→ **TRY IT**: Starting at the line that contains "Domaine des Lumières", write out each line exactly through the last one in the material below, and nothing more; omit all pictures.

→ **DATA SHOWN**:

--- START ---

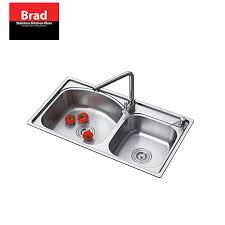 Many materials to choose from some of the most popular choices for kitchen sink materials are stainless steel, acrylic and granite. Cw Home Depot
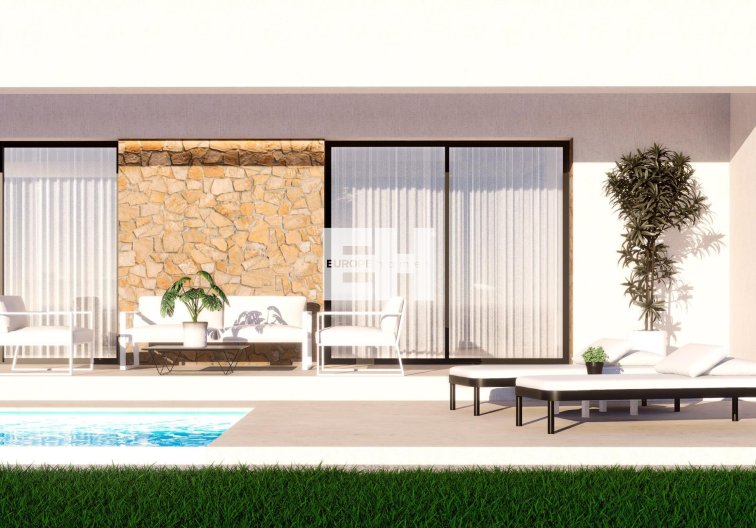 Obra Nueva - villa - Finestrat - Balcón de Finestrat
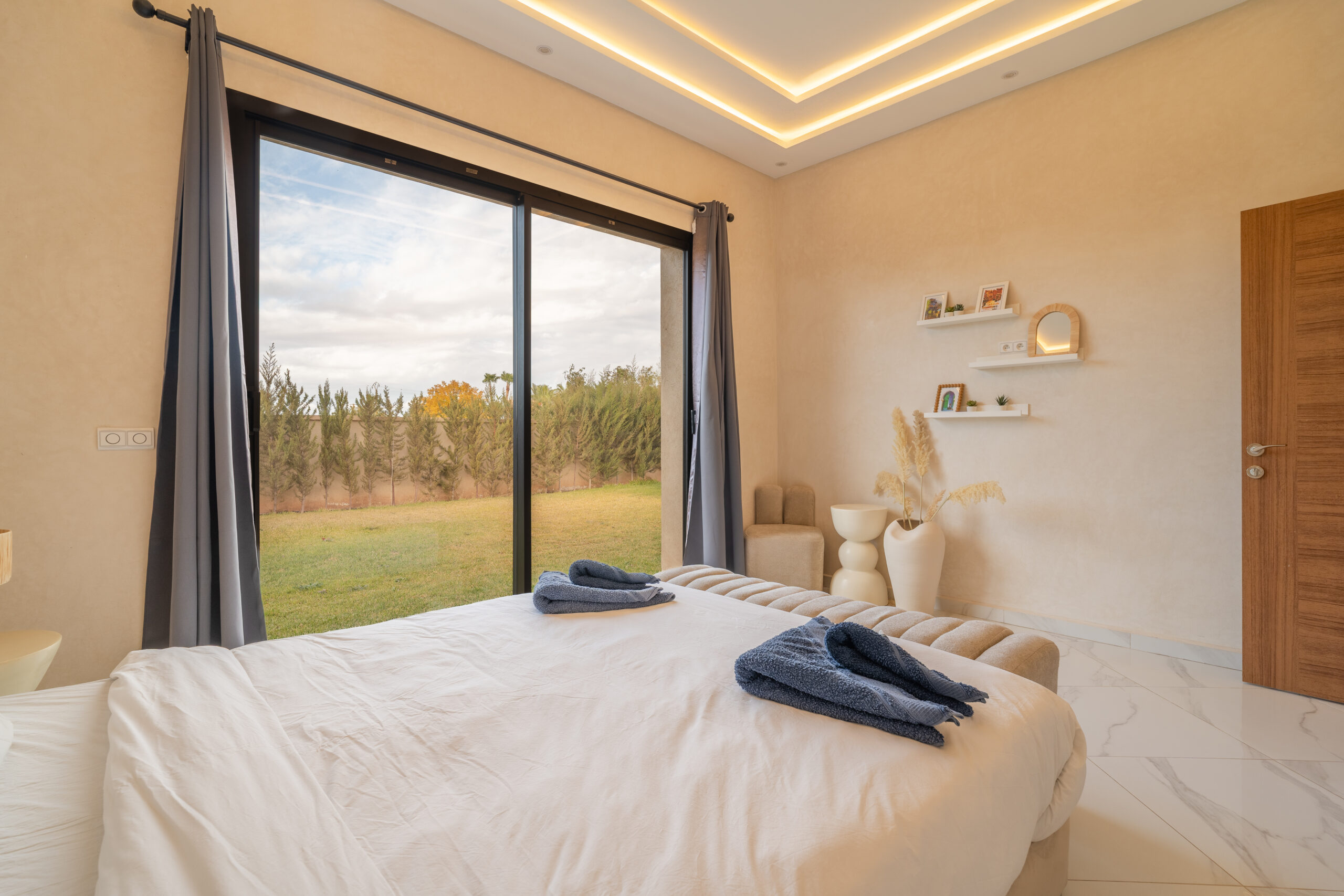 Domaine des Lumières Marrakech – 9 villas privées avec piscine & jacuzzi - Photo 33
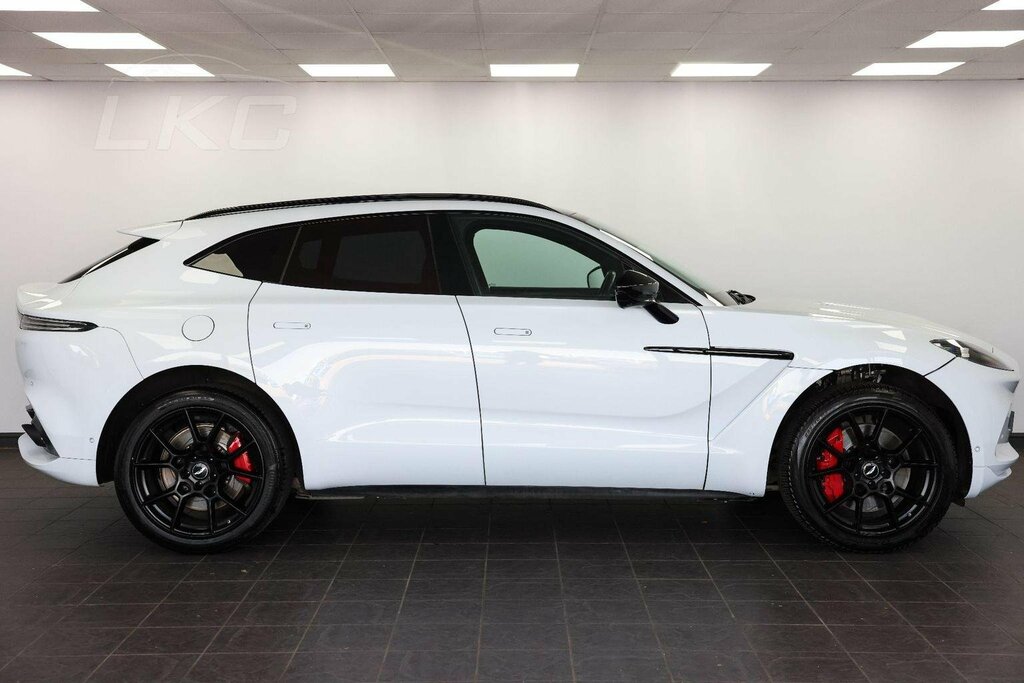 Aston Martin DBX Suv 4.0 V8 4Wd Euro 6 Ss 202070 White #2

--- END ---

→ **THE COMPLETED TASK**:
 Domaine des Lumières Marrakech – 9 villas privées avec piscine & jacuzzi - Photo 33
 Aston Martin DBX Suv 4.0 V8 4Wd Euro 6 Ss 202070 White #2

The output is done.